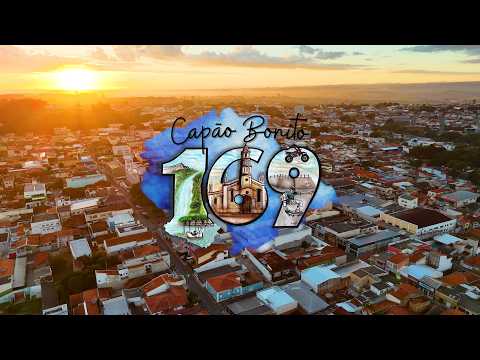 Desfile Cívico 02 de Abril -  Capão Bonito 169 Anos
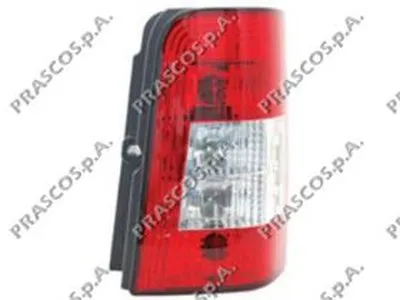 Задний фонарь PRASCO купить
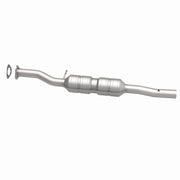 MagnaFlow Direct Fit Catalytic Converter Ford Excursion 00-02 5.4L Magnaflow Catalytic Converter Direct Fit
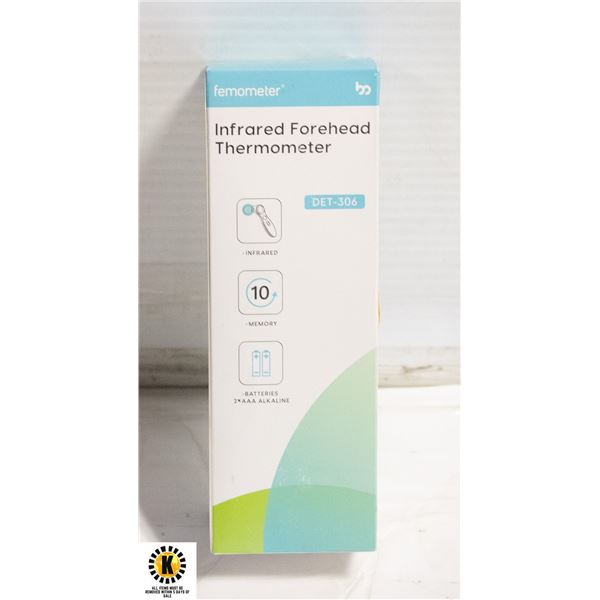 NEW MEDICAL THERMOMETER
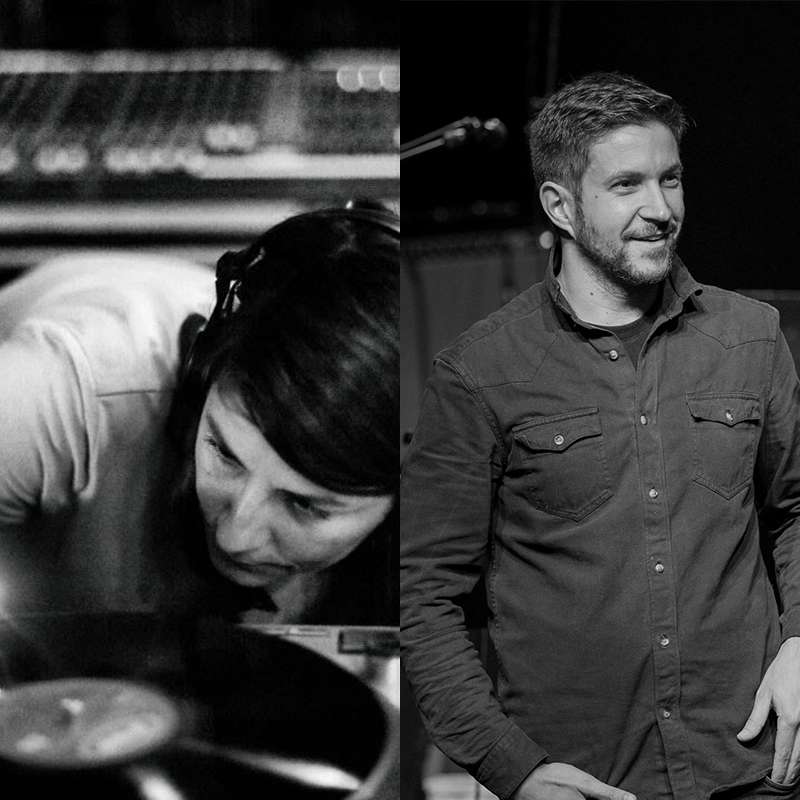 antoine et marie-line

...

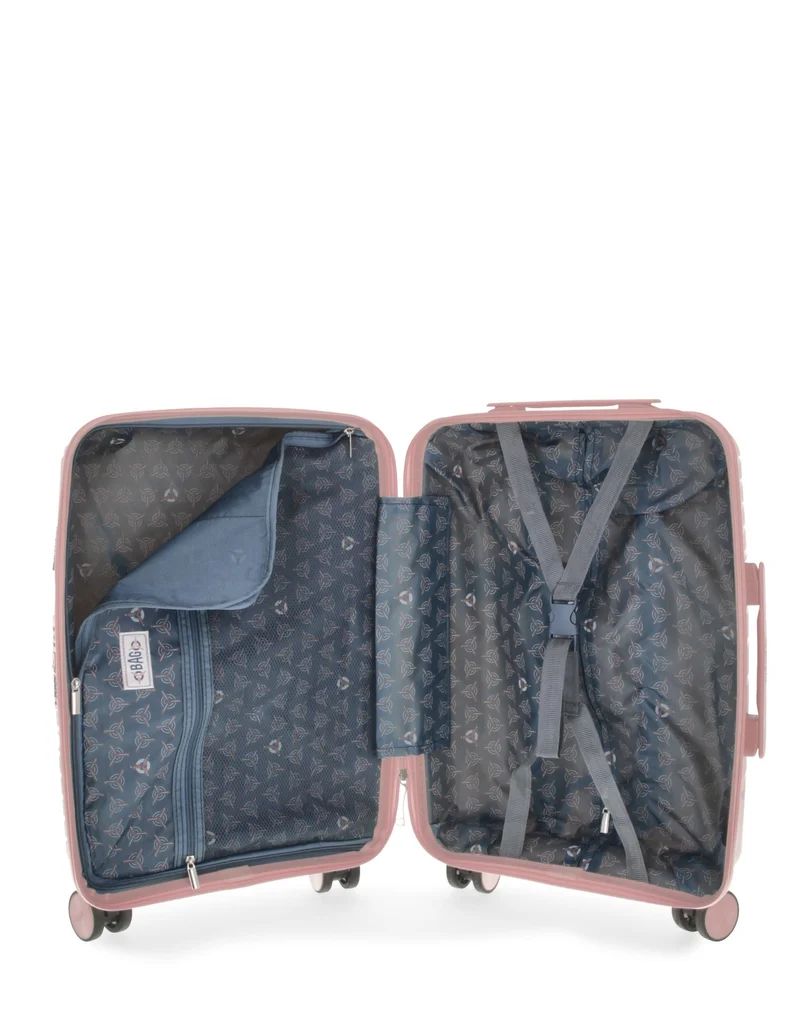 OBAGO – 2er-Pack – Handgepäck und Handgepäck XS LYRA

TASK BRIEF: Because only one stretch of the records is wanted, please output the lines from the one holding "Desfile Cívico 02" through the one holding "antoine et marie-line" exactly, both included, and leave every picture out.

ANSWER SPACE:
 Desfile Cívico 02 de Abril -  Capão Bonito 169 Anos
 Задний фонарь PRASCO купить
 MagnaFlow Direct Fit Catalytic Converter Ford Excursion 00-02 5.4L Magnaflow Catalytic Converter Direct Fit
 NEW MEDICAL THERMOMETER
 antoine et marie-line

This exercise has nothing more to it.